■ **EXERCISE MATERIALS**
******
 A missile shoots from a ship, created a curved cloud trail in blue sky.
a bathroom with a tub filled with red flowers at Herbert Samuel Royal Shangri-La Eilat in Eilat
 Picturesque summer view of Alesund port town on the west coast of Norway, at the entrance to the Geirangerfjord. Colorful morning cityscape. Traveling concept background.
******
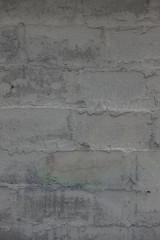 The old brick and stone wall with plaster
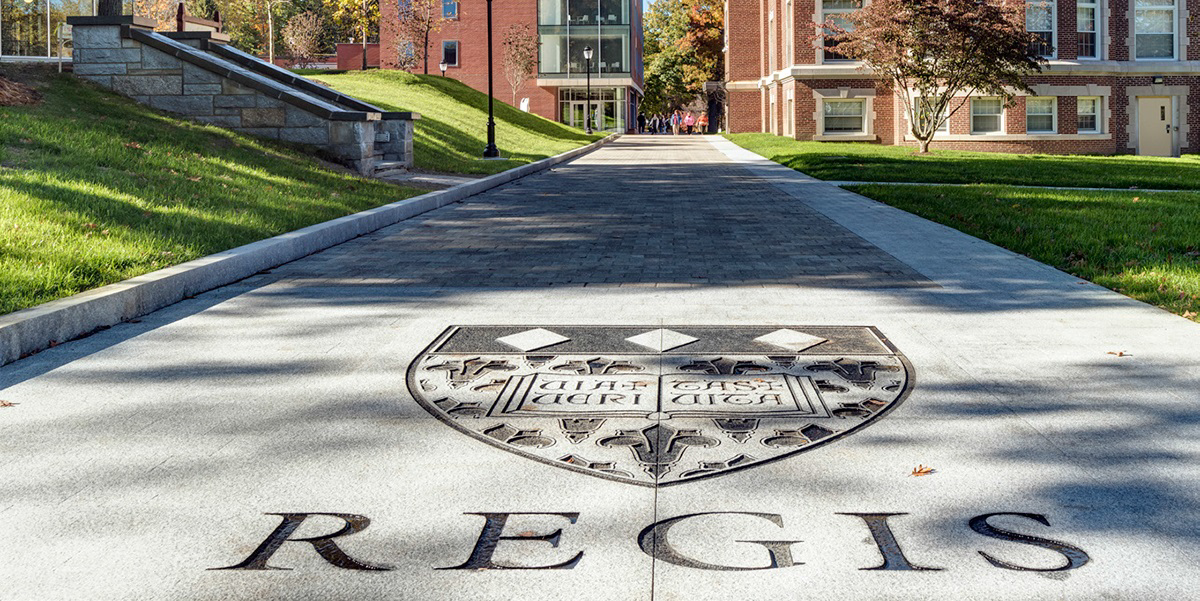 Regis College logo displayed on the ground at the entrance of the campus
******
■ **REQUIRED ACTION**
From the records above, write out exactly the lines that begin at the line with "The old brick and stone wall with plaster" and end at the line with "Regis College logo". Pictures must not appear in the output.

■ **FINAL ANSWER**
 The old brick and stone wall with plaster
 Regis College logo displayed on the ground at the entrance of the campus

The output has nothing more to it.